The paintings had been stolen in an elaborate scam involving at least eight different con artists, the police confirmed. At least one had posed as a Jewish rabbi with diplomatic immunity and offered the respective gallery owners €26 million for the paintings before stealing them. The theft took place at a rented office in Monza, above the Albanian embassy according to Repubblica and local daily Il Giornale di Monza, on April 20th, 2017.

READ ALSO: Italy's art police recover works stolen from quake-hit churches

According to Provenza, police received a tip-off about the whereabouts of the paintings. Four Italians and a Croatian national have been arrested, while three other 'foot soldiers' involved in the armed theft have also been identified. One has been arrested. 

Corriere della Sera identified the man behind the theft as Nenad Jovanovic, a 44-year-old Croatian national, who had deceived the two gallery owners from Sardinia and London's Fulham Road, into believing he was a rabbi with a diplomatic passport – under the name Samuel Abraham Lewy Graham.

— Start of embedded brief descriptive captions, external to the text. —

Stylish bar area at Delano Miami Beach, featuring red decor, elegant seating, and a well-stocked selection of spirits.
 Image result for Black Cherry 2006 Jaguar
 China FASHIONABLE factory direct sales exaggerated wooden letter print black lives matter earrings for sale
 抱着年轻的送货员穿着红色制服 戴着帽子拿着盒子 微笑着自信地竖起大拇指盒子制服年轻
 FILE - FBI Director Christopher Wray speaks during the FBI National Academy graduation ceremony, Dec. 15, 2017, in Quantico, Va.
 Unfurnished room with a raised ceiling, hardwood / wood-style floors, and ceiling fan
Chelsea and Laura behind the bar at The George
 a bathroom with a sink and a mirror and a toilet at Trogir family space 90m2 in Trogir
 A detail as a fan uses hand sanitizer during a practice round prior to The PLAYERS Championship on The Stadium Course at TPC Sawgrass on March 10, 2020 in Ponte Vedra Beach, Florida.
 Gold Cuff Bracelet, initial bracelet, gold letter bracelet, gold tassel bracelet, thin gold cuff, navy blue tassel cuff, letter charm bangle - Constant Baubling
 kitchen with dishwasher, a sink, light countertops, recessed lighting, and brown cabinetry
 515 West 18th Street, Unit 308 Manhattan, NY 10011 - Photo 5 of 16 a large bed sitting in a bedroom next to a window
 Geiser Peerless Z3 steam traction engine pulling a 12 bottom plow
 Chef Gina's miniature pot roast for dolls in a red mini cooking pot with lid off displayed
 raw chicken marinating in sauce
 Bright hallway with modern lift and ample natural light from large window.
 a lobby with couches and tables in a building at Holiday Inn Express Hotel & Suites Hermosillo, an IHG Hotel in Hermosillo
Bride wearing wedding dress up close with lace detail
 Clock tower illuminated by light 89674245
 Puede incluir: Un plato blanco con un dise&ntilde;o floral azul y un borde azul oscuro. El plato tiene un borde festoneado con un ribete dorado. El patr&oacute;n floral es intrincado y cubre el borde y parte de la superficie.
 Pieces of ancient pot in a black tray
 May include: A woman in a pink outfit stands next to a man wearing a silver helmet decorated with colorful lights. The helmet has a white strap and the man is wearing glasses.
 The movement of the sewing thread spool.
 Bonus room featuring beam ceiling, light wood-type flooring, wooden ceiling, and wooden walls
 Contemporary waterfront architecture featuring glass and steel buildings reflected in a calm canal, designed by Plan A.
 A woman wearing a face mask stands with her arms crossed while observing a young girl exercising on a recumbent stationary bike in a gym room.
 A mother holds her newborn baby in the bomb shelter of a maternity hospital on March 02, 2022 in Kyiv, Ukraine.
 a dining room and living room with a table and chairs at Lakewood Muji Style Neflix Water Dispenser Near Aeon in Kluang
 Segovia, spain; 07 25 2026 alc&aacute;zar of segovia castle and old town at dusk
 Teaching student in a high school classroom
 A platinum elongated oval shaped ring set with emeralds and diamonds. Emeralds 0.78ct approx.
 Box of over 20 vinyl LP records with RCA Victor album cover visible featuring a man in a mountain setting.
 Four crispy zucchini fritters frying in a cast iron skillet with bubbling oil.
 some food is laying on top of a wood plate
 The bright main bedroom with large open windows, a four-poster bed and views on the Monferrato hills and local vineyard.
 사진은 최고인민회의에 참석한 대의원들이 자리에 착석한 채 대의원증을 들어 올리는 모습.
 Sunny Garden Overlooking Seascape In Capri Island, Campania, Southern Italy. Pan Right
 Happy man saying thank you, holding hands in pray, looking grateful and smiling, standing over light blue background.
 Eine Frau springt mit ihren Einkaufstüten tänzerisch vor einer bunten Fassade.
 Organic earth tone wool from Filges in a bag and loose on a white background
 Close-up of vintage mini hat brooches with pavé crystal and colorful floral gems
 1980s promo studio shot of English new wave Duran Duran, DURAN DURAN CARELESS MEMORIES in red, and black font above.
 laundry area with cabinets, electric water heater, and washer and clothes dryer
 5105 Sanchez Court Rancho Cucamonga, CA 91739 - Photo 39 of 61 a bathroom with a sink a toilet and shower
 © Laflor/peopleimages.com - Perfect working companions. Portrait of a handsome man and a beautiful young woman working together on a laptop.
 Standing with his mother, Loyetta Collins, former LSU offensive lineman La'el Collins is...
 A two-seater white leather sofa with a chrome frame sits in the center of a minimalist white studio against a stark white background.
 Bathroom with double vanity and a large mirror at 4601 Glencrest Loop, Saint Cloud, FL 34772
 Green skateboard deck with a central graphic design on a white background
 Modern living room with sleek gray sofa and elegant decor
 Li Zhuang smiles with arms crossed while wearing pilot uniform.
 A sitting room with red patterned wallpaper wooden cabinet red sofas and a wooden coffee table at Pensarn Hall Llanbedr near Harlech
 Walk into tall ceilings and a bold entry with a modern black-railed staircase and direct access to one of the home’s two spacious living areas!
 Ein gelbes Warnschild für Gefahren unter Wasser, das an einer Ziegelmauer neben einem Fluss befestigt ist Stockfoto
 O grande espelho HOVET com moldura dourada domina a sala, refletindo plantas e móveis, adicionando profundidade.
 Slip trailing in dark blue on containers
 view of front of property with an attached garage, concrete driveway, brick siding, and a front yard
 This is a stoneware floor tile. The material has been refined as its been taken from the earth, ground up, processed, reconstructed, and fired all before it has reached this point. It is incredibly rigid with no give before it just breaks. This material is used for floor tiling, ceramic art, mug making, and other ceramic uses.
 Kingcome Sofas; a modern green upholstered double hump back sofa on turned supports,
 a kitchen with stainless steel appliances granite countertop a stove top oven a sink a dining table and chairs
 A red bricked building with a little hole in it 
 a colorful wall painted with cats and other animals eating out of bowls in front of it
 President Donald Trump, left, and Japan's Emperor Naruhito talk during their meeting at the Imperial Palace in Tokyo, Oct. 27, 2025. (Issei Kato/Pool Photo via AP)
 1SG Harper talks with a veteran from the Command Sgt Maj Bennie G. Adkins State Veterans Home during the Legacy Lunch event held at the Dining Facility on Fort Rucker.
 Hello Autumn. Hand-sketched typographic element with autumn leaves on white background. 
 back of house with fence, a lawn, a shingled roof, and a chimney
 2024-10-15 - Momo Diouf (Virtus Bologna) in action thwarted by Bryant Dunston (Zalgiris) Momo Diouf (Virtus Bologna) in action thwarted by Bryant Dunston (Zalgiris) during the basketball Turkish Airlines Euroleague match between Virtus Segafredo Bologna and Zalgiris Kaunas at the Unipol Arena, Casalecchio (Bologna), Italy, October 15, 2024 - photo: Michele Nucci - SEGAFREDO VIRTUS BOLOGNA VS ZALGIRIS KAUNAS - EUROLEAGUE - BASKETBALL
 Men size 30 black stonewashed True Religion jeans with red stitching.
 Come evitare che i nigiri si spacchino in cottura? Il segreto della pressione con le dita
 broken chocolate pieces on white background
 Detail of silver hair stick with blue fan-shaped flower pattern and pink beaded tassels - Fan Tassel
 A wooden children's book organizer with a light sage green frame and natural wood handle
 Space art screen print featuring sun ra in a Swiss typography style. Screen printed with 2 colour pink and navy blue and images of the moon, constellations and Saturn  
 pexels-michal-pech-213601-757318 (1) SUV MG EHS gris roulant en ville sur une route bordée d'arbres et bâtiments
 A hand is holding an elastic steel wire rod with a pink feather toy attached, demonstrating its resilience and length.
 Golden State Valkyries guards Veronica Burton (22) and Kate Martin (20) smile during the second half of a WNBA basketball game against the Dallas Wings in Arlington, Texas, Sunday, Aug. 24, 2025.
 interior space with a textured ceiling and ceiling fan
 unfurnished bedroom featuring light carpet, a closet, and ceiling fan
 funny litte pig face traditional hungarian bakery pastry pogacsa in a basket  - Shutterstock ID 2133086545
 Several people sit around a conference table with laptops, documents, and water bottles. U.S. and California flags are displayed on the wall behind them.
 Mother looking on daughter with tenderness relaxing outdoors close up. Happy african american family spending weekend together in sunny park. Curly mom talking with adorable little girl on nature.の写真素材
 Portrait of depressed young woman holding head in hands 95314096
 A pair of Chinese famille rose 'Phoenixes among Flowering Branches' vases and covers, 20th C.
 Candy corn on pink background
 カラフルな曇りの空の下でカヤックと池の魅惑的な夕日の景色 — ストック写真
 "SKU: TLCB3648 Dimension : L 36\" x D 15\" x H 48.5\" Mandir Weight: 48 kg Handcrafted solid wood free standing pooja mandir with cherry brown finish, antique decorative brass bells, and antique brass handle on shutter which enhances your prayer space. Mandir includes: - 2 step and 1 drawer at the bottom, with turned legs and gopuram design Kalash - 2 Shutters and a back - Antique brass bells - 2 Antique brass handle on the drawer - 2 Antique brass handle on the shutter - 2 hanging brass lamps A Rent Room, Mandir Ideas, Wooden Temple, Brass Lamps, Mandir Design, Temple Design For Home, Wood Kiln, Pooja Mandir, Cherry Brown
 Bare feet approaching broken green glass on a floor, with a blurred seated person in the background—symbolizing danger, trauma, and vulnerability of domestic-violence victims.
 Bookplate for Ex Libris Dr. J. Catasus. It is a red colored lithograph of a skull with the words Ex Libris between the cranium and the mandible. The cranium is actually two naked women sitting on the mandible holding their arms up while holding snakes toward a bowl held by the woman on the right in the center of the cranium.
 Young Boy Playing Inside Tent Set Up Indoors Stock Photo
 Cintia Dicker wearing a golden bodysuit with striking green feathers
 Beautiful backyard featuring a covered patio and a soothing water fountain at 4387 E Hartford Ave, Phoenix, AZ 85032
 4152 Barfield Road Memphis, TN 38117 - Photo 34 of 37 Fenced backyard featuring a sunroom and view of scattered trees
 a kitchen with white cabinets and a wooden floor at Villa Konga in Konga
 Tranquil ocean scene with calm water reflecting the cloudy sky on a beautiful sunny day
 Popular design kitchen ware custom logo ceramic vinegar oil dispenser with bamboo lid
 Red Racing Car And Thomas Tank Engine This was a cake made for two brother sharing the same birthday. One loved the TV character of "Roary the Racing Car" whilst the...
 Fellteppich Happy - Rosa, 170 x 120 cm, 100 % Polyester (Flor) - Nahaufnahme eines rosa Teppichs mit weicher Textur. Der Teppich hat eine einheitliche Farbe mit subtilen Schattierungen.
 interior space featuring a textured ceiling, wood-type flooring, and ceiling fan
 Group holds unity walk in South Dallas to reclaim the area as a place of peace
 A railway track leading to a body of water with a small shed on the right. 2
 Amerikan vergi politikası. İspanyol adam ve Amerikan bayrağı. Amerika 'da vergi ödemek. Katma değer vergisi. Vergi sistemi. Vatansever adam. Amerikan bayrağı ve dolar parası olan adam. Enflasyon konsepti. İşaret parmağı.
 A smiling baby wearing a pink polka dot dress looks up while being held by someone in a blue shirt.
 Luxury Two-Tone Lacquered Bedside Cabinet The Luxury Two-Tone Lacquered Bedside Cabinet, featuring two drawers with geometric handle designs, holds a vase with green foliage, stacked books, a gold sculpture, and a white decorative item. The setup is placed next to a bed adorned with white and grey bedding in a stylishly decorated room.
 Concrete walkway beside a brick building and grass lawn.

READ ALSO: Italy heritage sleuths launch stolen art app

Earlier this month, Italian police – working with EU partners – seized 25,000 Greek and Roman archaeological items worth over €40 million.

Some 250 officers in Italy, Spain, Britain and Germany simultaneously swooped on 40 houses in that operation – the culmination of a four-year investigation led by the Italians, the European police agency said.

Italy has a police unit dedicated to recovering stolen art work. Three fifteenth-century paintings which were stolen from the Prince of Luxembourg's Tuscan villa by Nazi forces in 1944 were also found in Italy in 2016.